Deployment of a 2-metre scientific beam trawl used for the collection of mobile epibenthic species (photo: Fugro)
Fugro has completed a seabed survey for the Viking Link one of the longest DC electricity interconnectors that will link the UK and Danish electricity supplies.
The Viking Link, a joint venture between the UK’s National Grid and Denmark’s Energinet, is a proposed 1,400-megawatt high voltage direct current electricity link, which passes under the North Sea, from Revsing in Denmark, to Bicker Fenn in the UK. The interconnector will enable more effective use of renewable energy, access to sustainable electricity generation and improved security of electricity supplies.
Awarded in February 2016, the contract to survey the 630-kilometre marine section of the interconnector’s route involved many of Fugro’s specialist disciplines.
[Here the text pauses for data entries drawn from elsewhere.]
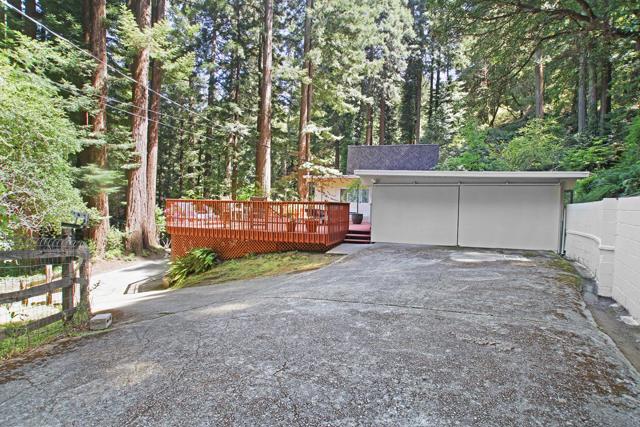 350 Grandview Drive, Woodside CA: https://media.crmls.org/mediaz/5e7d004d-7dbe-4d6e-bee6-72f825744c11.jpg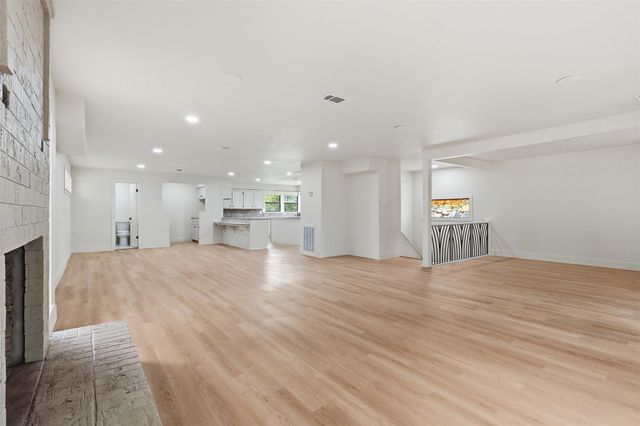 190 Dawns Edge Drive, Conroe, TX 77356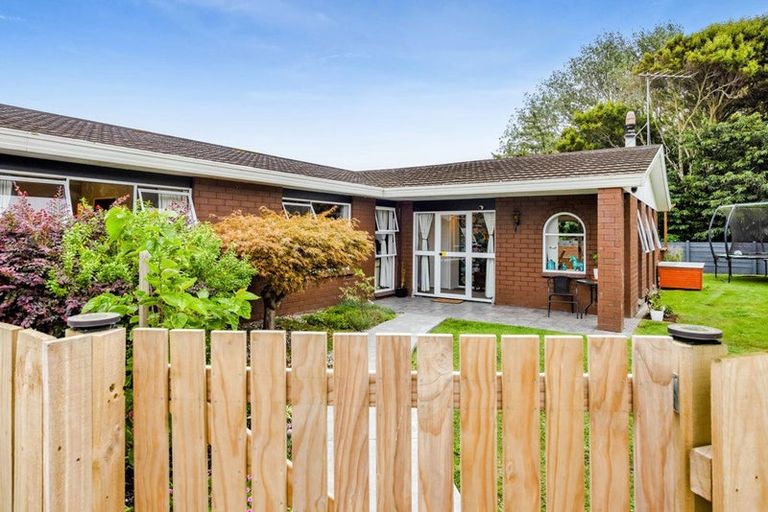 Photo of property in 11 Matai Place, Hawera, 4610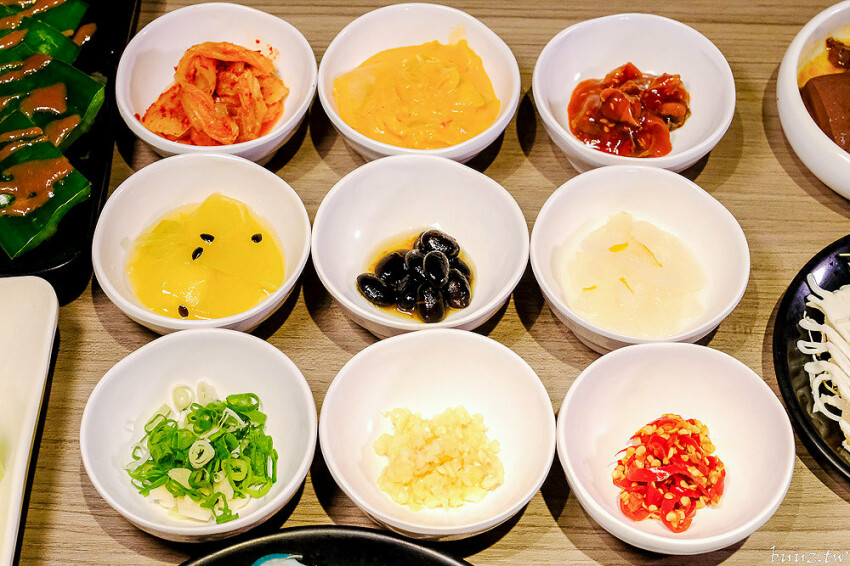 炭火燒肉上百種食材吃到飽,羊角炭火燒肉猛點和牛、牛舌、紅蝦就夠本,生魚片、牡蠣也隨你吃!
The survey started in March 2016 in Danish waters, and crossed the southern North Sea through German and Dutch territorial waters, before ending in the UK.
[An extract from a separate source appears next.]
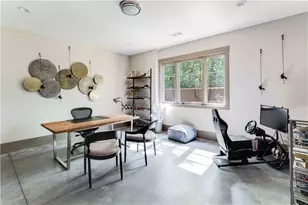 3118 W Roxboro Rd NE, Atlanta, GA 30324 - Photo 62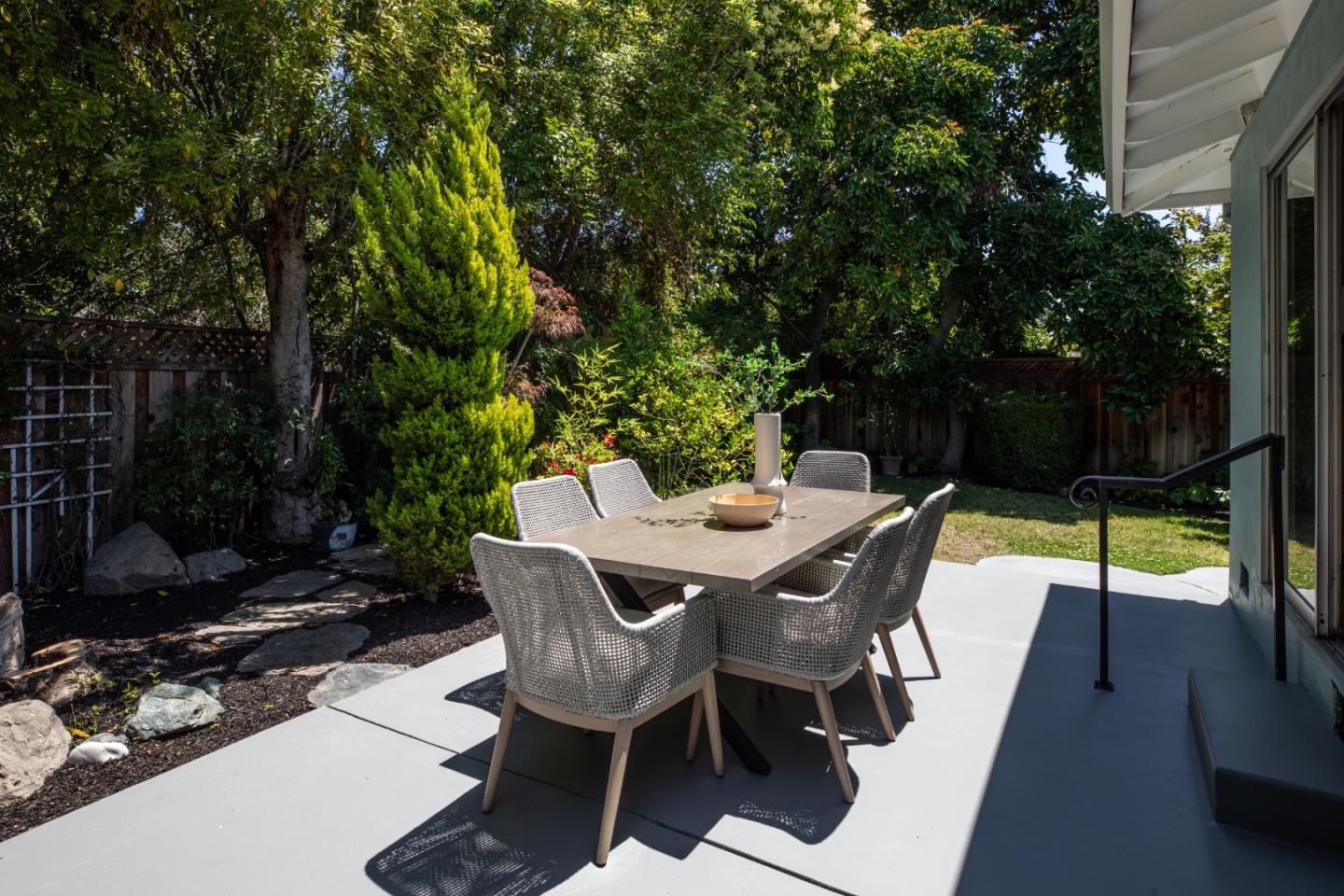 Property photo 28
“With a vast workscope, this project demonstrates how we manage an array of specialist survey disciplines,” says Amy Bergman, Fugro’s Senior Project Manager. “Onshore, our work encompassed topographical and geophysical surveys at proposed landfalls in the UK and Denmark while offshore, we used 10 different survey vessels to perform inshore, near-shore and offshore geophysical surveys and geotechnical investigations.”
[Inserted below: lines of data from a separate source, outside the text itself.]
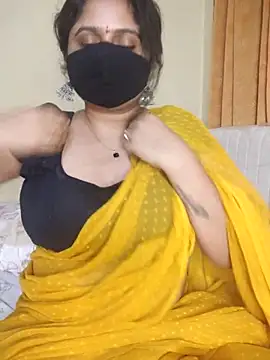 Snapshot of mouni499 chatting on 06-16-26, 07:38 mouni499 online show from 06-16-26, 07:38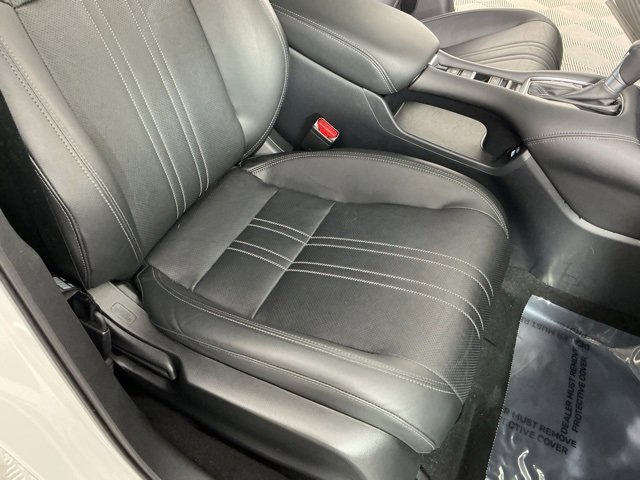 Used 2023 Honda HR-V EX-L image 14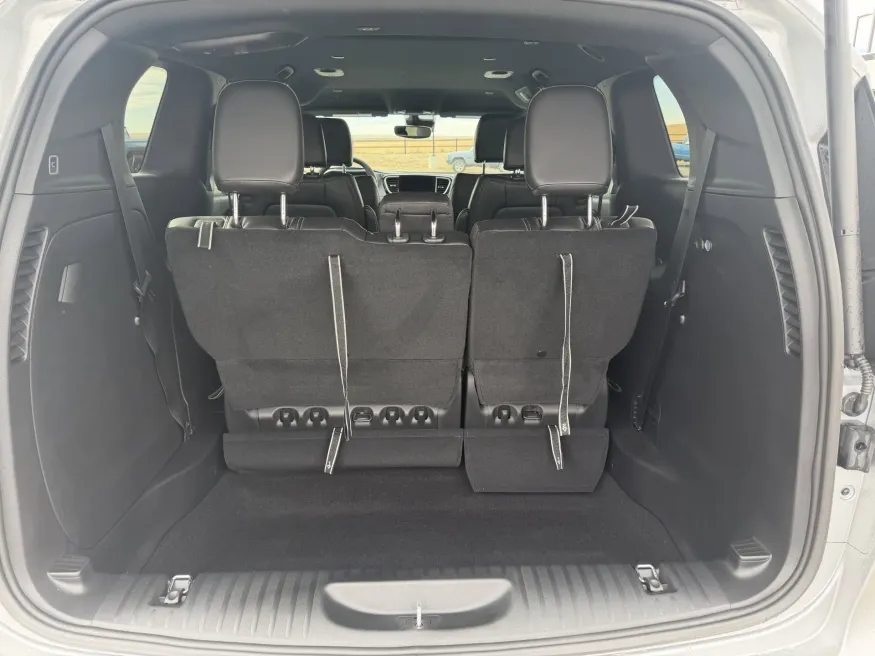 2026 Chrysler Pacifica Select | Photo 7 of 18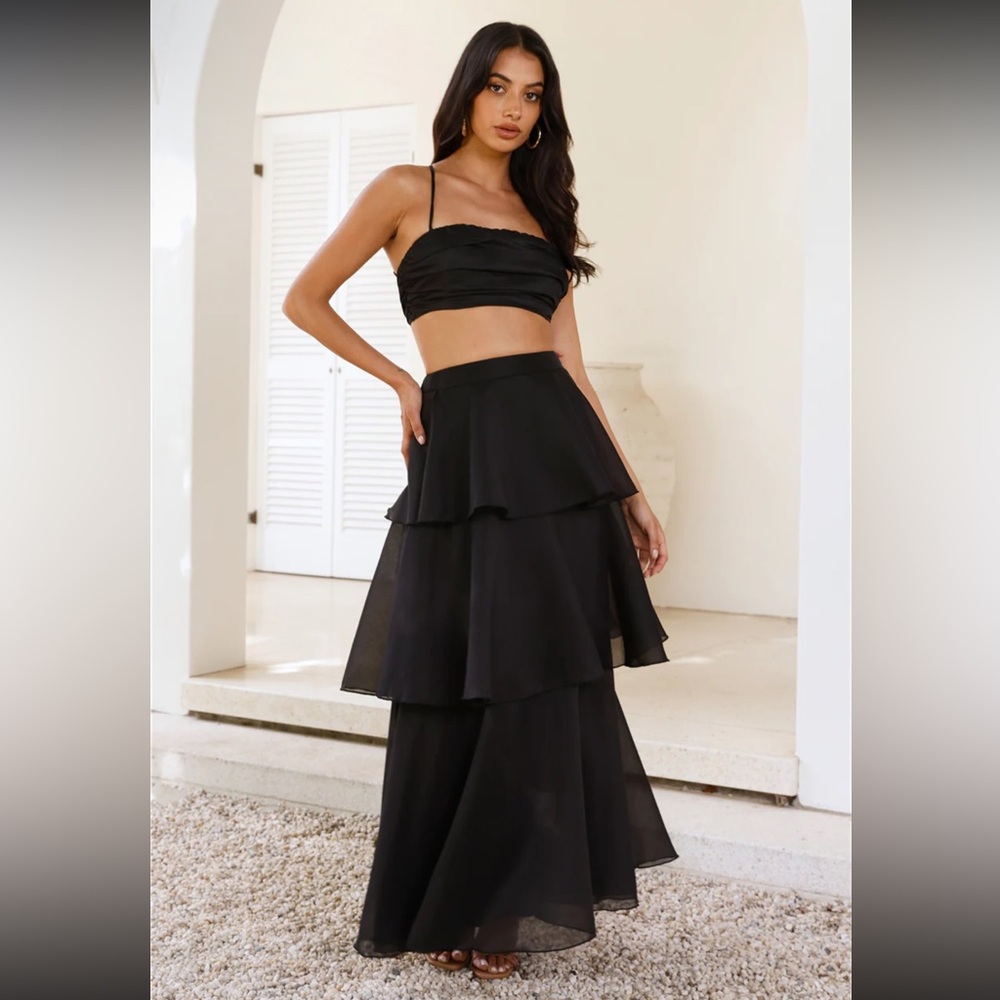 Tiered skirt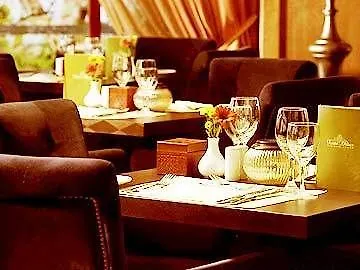 Xenia Palace 호텔 4*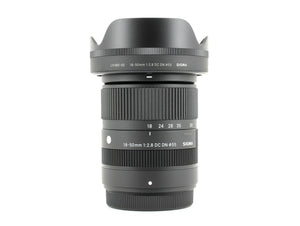 Sigma 18-50mm f/2.8 DC DN Contemporary - Fujifilm X Fit - segunda mano - excelente estado - detalle 3 de 4 - SKU 3615116 - Ca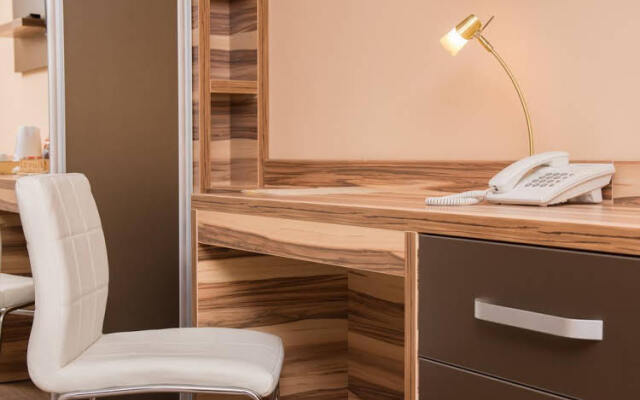 Garni Hotel Royal Crown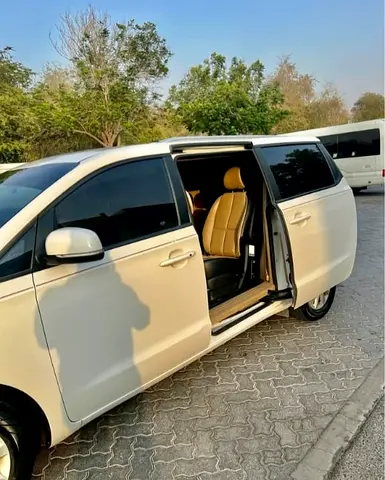 صورة 2 لـ 2020 KIA SEDONA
Water depth and sediment data were collected using multibeam echosounder, side scan sonar, magnetometer, pinger and sparker over the full corridor length of the link. Offshore and nearshore geotechnical investigations included vibrocore and cone penetration testing.
A remotely operated vehicle (ROV) was deployed to identify and locate subsea assets, such as cables and pipelines that cross the proposed Viking Link route, and measure the burial depth of the assets. The ROV also recorded video and multibeam echosounder data. To identify the ecological environment, Fugro carried out benthic investigations including grab samples and photography.
The survey was successfully completed in six months and the data gathered by Fugro will inform further feasibility assessments of the route’s viability. Construction on the Viking Link project is planned to start in 2018 and is planned to be operational by 2022.